The benefit is she was an easy trainer with food reward and our toddler was never able to hit the floor from his high chair with food.


----------



## mydogs (May 4, 2012)

How much are you feeding her? She may need more food?


Sent from Petguide.com Free App


----------



## TinkerinWstuff (Dec 21, 2013)

mydogs said:


> How much are you feeding her? She may need more food?
> 
> 
> Sent from Petguide.com Free App


Logical question. My corgi could have inhaled half a bag of food, puked it up, and then re-ate it again. That's the truth.


----------



## middleofnowhere (Dec 20, 2000)

For my 4 legged vacuum, I scatter the food across the bottom of her crate. She at least needs to move a bit to get it.
I have a buster cube and a ball that is a takeoff on it. I think I'll try one of those. Unfortunately, I know what I'll hear (bang, bang, rattle, bang, bang, rattle long past when it is empty.)


----------



## TinkerinWstuff (Dec 21, 2013)

middleofnowhere said:


> ..... Unfortunately, I know what I'll hear (bang, bang, rattle, bang, bang, rattle long past when it is empty.)
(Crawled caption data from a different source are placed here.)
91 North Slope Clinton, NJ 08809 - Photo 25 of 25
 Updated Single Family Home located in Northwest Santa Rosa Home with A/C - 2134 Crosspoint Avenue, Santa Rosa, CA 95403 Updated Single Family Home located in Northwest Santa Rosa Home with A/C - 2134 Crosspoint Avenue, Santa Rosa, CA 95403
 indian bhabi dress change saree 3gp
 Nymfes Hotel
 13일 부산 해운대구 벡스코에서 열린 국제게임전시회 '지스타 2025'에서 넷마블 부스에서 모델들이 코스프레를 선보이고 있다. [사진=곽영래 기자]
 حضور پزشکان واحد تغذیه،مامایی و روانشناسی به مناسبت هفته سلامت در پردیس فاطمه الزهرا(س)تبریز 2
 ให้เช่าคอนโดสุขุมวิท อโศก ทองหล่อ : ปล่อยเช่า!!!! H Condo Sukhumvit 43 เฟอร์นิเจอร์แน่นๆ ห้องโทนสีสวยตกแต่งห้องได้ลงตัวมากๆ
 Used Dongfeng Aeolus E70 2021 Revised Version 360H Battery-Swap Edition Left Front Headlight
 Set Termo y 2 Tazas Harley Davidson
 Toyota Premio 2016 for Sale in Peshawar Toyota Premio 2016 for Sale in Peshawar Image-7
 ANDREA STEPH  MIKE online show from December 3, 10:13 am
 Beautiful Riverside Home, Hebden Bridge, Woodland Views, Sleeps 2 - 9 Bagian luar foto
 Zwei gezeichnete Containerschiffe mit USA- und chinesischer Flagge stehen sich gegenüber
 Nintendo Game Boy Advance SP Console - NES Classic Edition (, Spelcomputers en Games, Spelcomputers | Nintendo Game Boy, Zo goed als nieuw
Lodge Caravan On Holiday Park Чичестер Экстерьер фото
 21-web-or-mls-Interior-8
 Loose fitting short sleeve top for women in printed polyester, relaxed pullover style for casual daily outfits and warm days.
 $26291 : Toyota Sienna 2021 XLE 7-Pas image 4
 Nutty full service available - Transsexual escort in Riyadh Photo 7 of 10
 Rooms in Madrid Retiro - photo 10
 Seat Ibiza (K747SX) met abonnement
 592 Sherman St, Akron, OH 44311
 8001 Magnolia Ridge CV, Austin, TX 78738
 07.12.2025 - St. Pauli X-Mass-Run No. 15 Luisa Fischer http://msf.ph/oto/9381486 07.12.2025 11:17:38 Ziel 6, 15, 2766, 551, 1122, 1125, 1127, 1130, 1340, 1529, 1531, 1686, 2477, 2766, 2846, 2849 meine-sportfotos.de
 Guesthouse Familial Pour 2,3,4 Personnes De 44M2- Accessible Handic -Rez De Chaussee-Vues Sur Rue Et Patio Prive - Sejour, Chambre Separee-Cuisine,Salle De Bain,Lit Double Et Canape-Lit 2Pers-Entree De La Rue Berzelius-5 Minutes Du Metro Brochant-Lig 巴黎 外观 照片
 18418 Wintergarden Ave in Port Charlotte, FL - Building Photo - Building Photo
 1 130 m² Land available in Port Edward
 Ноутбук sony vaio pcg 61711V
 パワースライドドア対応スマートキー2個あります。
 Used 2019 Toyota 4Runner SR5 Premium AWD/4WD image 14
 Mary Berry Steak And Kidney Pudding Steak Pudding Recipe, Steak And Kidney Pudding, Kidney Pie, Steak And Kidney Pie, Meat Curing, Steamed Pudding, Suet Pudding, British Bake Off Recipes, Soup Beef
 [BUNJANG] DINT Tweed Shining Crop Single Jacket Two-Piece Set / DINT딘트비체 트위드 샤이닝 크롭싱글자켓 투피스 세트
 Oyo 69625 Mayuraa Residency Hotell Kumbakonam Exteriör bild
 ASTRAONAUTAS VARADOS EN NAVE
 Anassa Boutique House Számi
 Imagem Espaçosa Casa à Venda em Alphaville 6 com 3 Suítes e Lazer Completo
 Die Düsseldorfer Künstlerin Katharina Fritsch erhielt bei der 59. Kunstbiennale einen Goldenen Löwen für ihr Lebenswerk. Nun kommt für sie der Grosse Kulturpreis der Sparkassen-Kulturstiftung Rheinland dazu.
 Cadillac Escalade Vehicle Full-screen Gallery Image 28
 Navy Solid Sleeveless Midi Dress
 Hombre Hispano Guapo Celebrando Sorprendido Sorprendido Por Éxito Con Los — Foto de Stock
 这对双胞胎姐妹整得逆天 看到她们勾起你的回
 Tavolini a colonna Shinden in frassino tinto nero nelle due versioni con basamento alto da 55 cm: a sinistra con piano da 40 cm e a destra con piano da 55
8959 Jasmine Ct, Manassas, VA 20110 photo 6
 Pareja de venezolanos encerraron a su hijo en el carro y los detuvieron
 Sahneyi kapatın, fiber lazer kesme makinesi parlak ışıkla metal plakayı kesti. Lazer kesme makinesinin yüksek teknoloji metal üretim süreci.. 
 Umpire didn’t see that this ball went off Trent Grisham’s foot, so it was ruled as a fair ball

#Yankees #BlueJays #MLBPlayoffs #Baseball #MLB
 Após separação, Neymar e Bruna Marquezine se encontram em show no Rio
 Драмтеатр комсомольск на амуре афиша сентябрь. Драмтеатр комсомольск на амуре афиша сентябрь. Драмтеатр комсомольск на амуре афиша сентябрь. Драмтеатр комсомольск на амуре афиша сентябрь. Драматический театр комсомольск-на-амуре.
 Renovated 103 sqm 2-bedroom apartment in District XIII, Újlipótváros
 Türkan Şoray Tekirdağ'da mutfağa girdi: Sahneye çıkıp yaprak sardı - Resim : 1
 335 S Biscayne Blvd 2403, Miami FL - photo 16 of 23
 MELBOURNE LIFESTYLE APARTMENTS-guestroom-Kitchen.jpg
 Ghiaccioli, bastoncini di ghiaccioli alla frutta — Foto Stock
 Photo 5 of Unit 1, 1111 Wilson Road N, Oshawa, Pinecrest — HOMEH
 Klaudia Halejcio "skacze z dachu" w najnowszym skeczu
So true! That brings back a flood of memories. So frustrating at the time but brings a smile now


----------



## AugustGSD (Mar 29, 2013)

Kong actually makes some sort of toy that is for feeding your dog. You fill it with their kibble and then the dog can pick the toy up, roll it, shake it, etc... in order to get their food. Its fun for them, and it also slows them down quite a bit. So far I have only seen the toy being sold at PetSmart.


----------